======== Entries provided
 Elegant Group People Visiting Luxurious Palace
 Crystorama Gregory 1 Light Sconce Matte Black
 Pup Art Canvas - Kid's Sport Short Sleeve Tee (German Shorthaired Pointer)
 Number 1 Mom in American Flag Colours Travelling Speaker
================
======== Entries provided
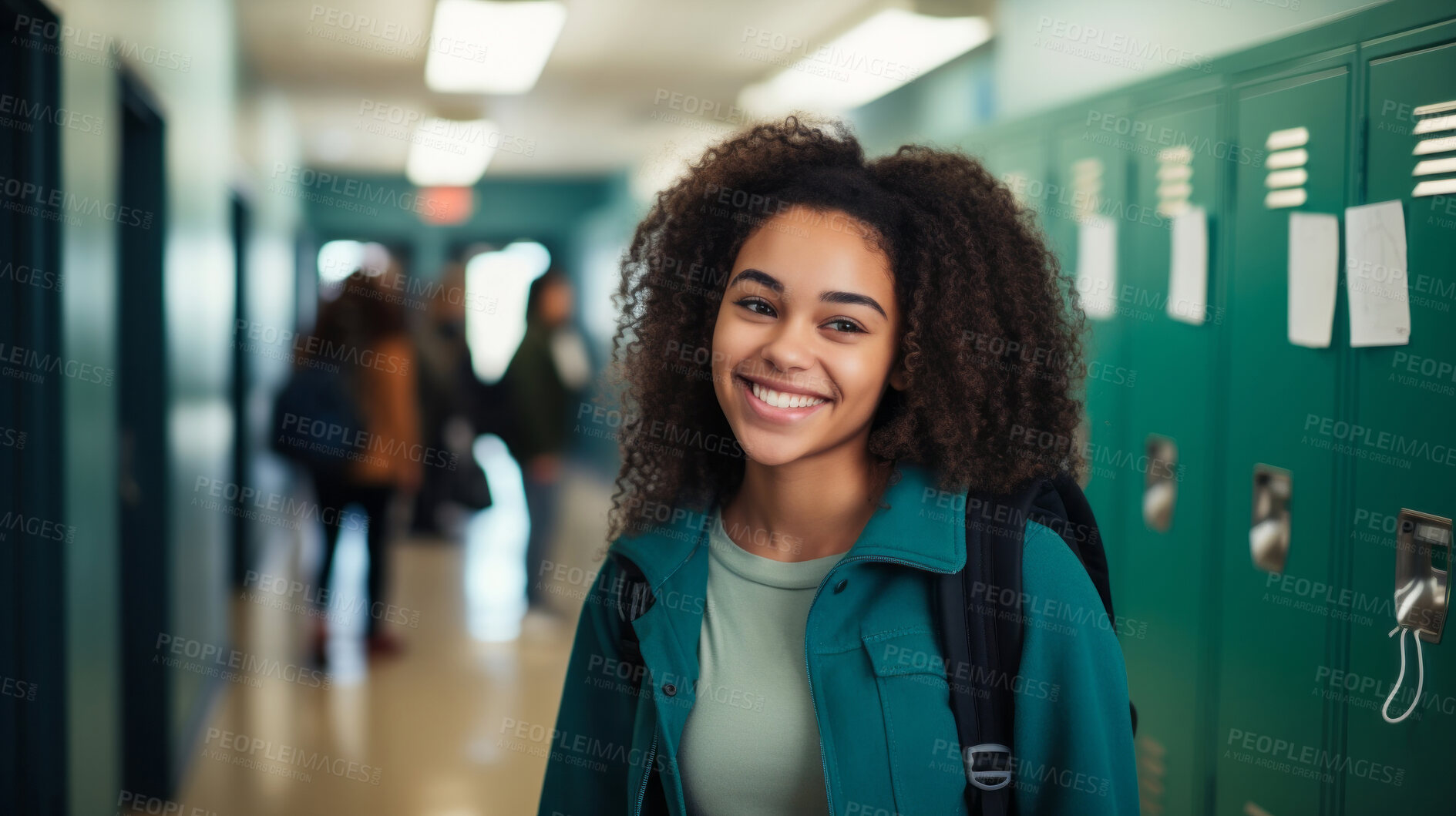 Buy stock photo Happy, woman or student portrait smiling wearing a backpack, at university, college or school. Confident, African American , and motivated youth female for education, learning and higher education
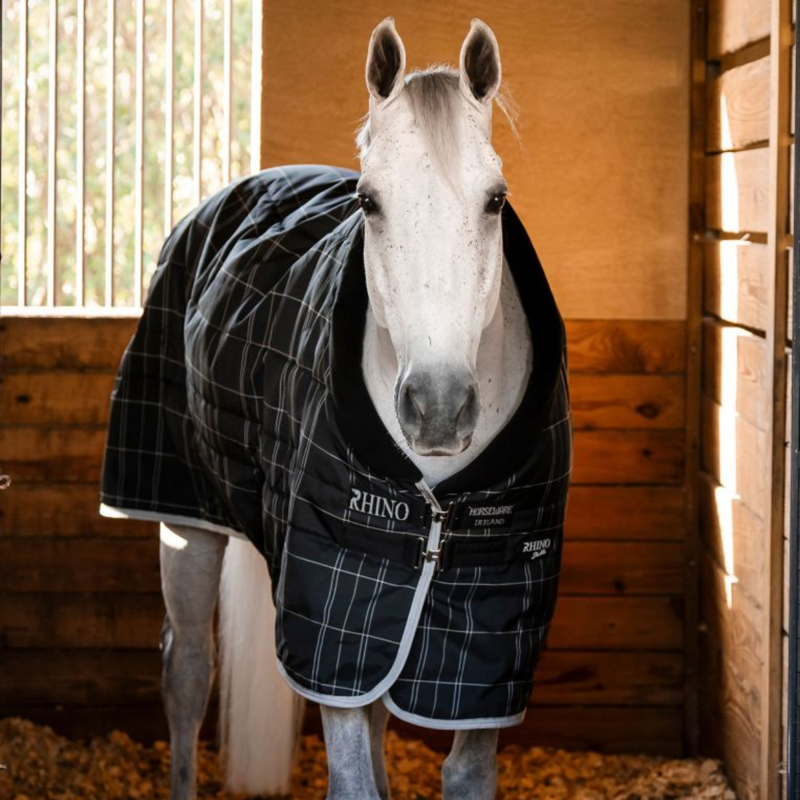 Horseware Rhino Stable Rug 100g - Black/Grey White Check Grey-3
================
The task: Return exactly the lines above, from the one with "Buy stock photo" up to and including the one with "Horseware Rhino Stable", and include no pictures.

Result of the exercise:
 Buy stock photo Happy, woman or student portrait smiling wearing a backpack, at university, college or school. Confident, African American , and motivated youth female for education, learning and higher education
 Horseware Rhino Stable Rug 100g - Black/Grey White Check Grey-3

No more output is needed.